- Opening Delimiter -

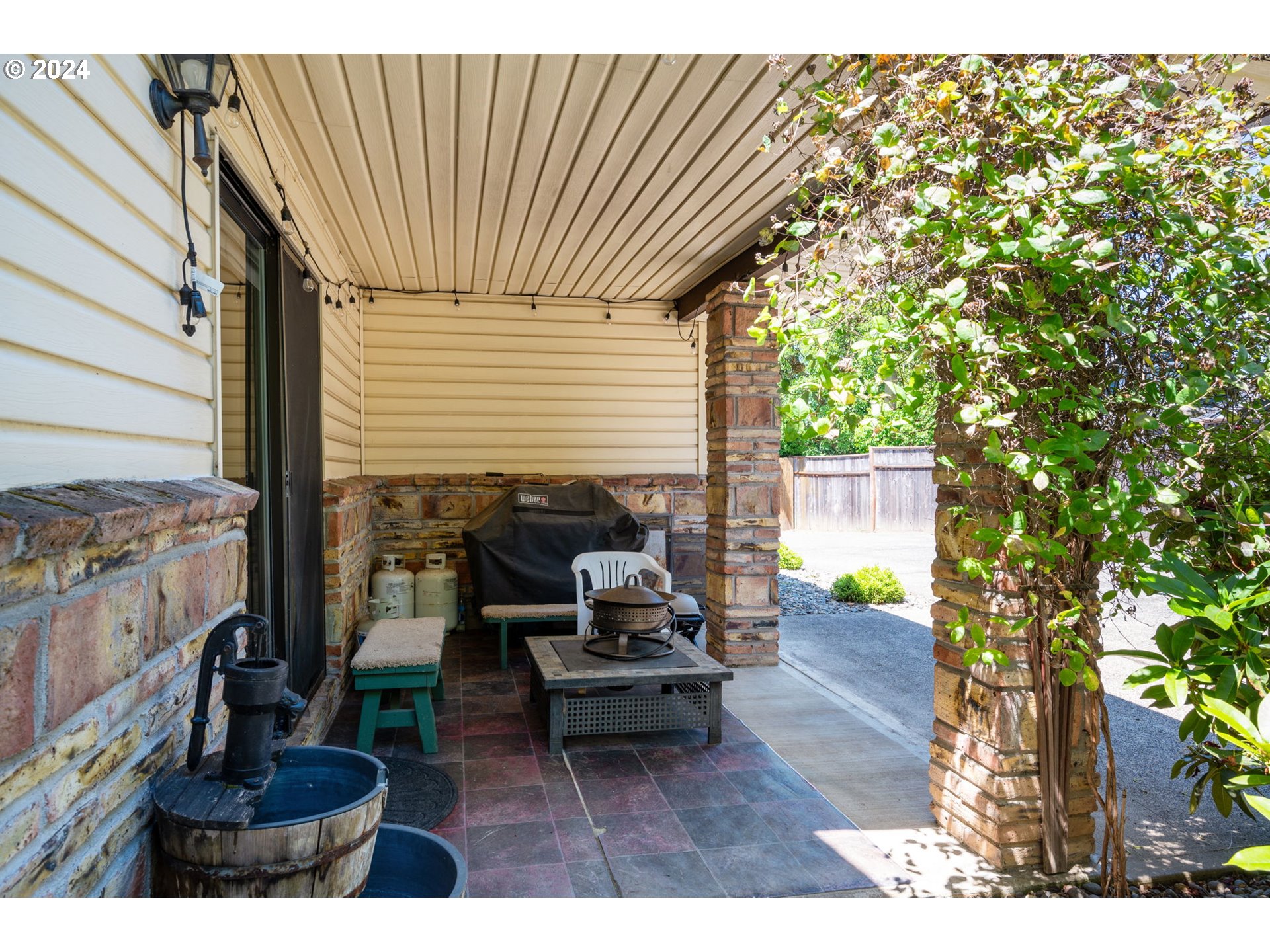 3608 Northwest McCann Road Vancouver, WA 98685 - Photo 34 of 47 a backyard of a house with table and chairs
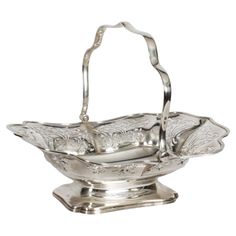 a silver basket with handles on a stand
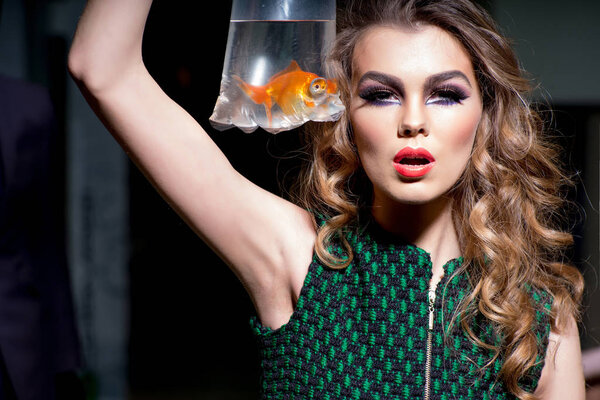 Sensual woman with gold fish in plastic bag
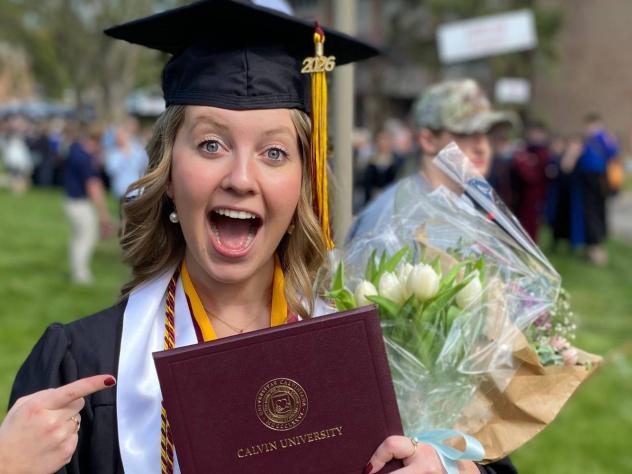 Meg Pheifer holding diploma from Calvin University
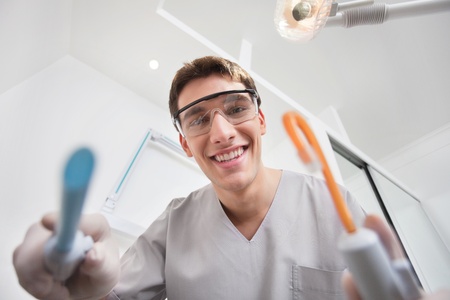 Close-up of young smiling dentist holding dental toolsの写真素材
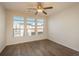 Bedroom with ample light and large windows offering outdoor views at 13456 Via Varra # 208, Broomfield, CO 80020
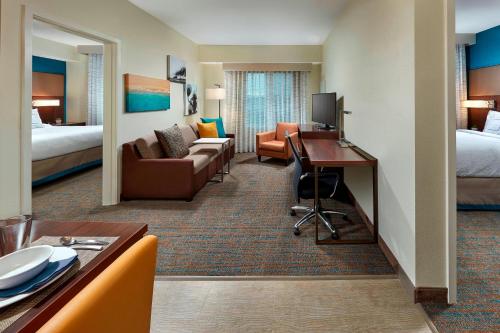 a hotel room with a desk and a living room at Residence Inn by Marriott San Diego Chula Vista in Chula Vista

- Closing Delimiter -

» TASK TO CARRY OUT: Find the line holding "a silver basket with handles on a stand" in the data above. Retype it and every later line exactly, through the end, but not the pictures.

» TASK OUTPUT:
 a silver basket with handles on a stand
 Sensual woman with gold fish in plastic bag
 Meg Pheifer holding diploma from Calvin University
 Close-up of young smiling dentist holding dental toolsの写真素材
 Bedroom with ample light and large windows offering outdoor views at 13456 Via Varra # 208, Broomfield, CO 80020
 a hotel room with a desk and a living room at Residence Inn by Marriott San Diego Chula Vista in Chula Vista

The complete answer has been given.